DIRECTIONS: Beneath this line sits some data. Return only its lines from the one holding "Trombidium sp." through the one holding "カインズ 東金店 1 Tip From 287 Visitors", inclusive, exactly, with the images removed.

GIVEN RECORDS:
=== Section Start ===
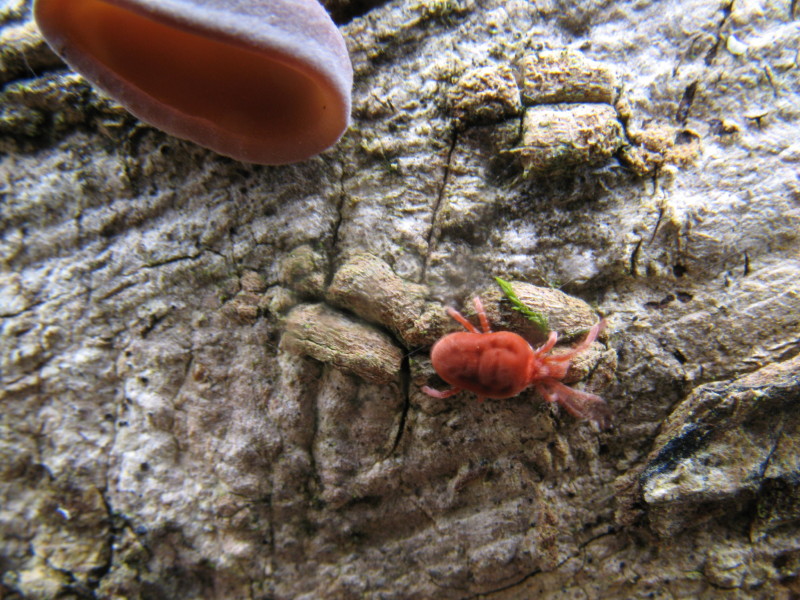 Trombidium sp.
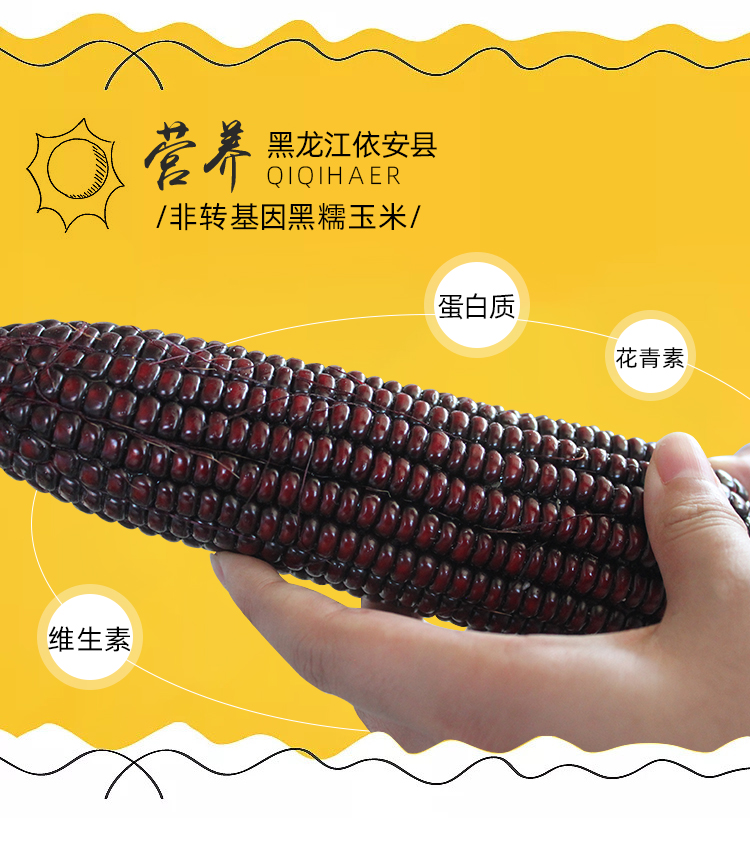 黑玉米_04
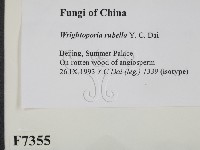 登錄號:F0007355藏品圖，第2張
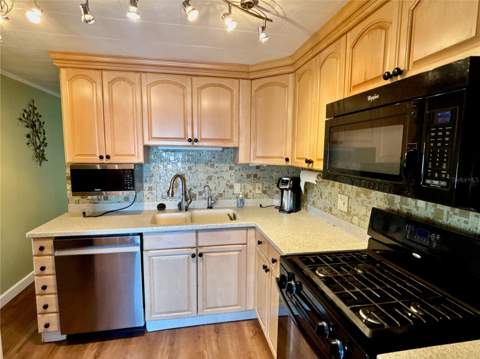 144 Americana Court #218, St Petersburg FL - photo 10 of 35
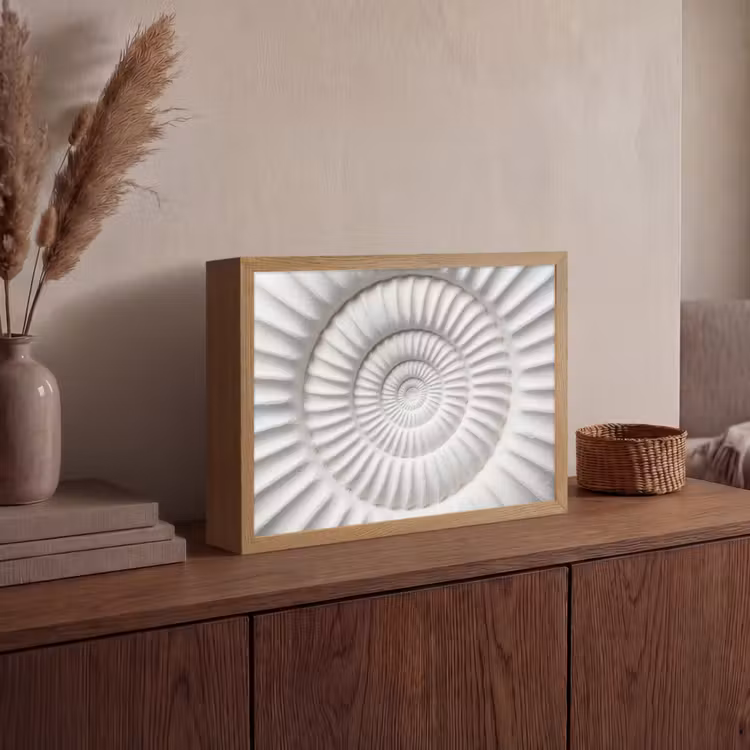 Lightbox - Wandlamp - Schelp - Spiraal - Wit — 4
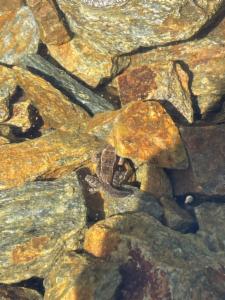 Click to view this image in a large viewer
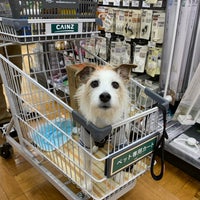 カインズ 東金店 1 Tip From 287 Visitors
=== Section End ===
=== Section Start ===
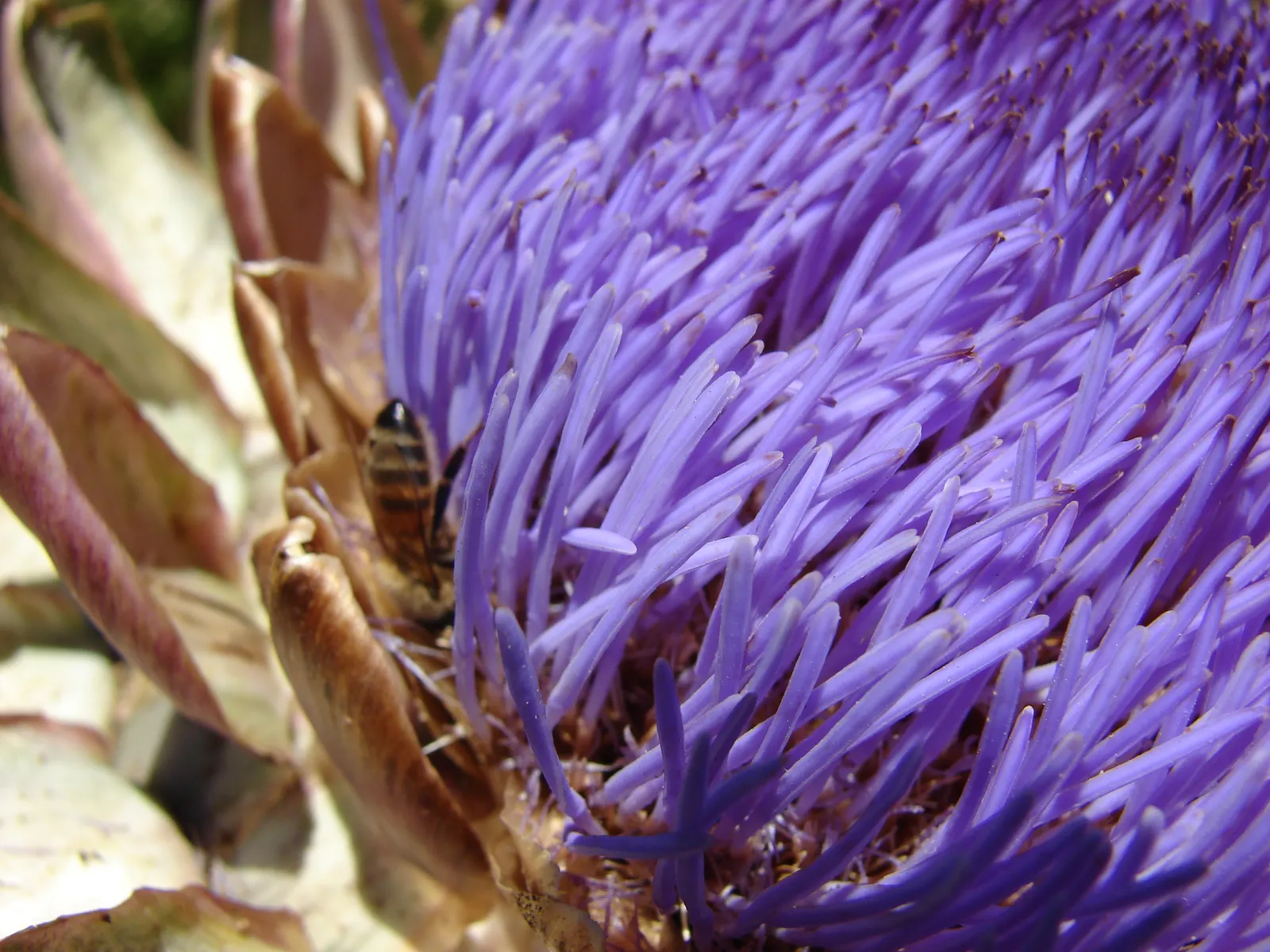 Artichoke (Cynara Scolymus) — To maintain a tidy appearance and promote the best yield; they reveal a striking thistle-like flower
=== Section End ===
RESULT FOR THIS EXERCISE:
 Trombidium sp.
 黑玉米_04
 登錄號:F0007355藏品圖，第2張
 144 Americana Court #218, St Petersburg FL - photo 10 of 35
 Lightbox - Wandlamp - Schelp - Spiraal - Wit — 4
 Click to view this image in a large viewer
 カインズ 東金店 1 Tip From 287 Visitors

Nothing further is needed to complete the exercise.